Exercise » Type the entries again, word for word.

(Caption-style text data)

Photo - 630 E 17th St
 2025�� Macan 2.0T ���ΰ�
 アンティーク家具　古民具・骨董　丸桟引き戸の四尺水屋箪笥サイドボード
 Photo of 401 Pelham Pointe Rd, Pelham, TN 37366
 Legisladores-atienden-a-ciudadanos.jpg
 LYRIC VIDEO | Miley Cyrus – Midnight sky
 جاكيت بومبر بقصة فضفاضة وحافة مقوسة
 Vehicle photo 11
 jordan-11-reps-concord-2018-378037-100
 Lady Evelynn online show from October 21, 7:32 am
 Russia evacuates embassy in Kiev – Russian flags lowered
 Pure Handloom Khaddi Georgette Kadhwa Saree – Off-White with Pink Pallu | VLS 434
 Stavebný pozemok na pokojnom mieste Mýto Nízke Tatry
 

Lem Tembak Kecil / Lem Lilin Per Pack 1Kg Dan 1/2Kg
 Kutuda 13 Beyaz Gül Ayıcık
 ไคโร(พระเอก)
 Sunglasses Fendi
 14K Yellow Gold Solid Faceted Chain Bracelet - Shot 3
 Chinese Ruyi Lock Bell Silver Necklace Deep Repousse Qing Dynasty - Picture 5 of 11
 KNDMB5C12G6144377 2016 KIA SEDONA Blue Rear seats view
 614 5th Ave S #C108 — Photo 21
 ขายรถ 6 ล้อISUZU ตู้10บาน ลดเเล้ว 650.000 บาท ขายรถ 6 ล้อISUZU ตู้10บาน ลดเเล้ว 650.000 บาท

Worked solution »
Photo - 630 E 17th St
 2025�� Macan 2.0T ���ΰ�
 アンティーク家具　古民具・骨董　丸桟引き戸の四尺水屋箪笥サイドボード
 Photo of 401 Pelham Pointe Rd, Pelham, TN 37366
 Legisladores-atienden-a-ciudadanos.jpg
 LYRIC VIDEO | Miley Cyrus – Midnight sky
 جاكيت بومبر بقصة فضفاضة وحافة مقوسة
 Vehicle photo 11
 jordan-11-reps-concord-2018-378037-100
 Lady Evelynn online show from October 21, 7:32 am
 Russia evacuates embassy in Kiev – Russian flags lowered
 Pure Handloom Khaddi Georgette Kadhwa Saree – Off-White with Pink Pallu | VLS 434
 Stavebný pozemok na pokojnom mieste Mýto Nízke Tatry
 

Lem Tembak Kecil / Lem Lilin Per Pack 1Kg Dan 1/2Kg
 Kutuda 13 Beyaz Gül Ayıcık
 ไคโร(พระเอก)
 Sunglasses Fendi
 14K Yellow Gold Solid Faceted Chain Bracelet - Shot 3
 Chinese Ruyi Lock Bell Silver Necklace Deep Repousse Qing Dynasty - Picture 5 of 11
 KNDMB5C12G6144377 2016 KIA SEDONA Blue Rear seats view
 614 5th Ave S #C108 — Photo 21
 ขายรถ 6 ล้อISUZU ตู้10บาน ลดเเล้ว 650.000 บาท ขายรถ 6 ล้อISUZU ตู้10บาน ลดเเล้ว 650.000 บาท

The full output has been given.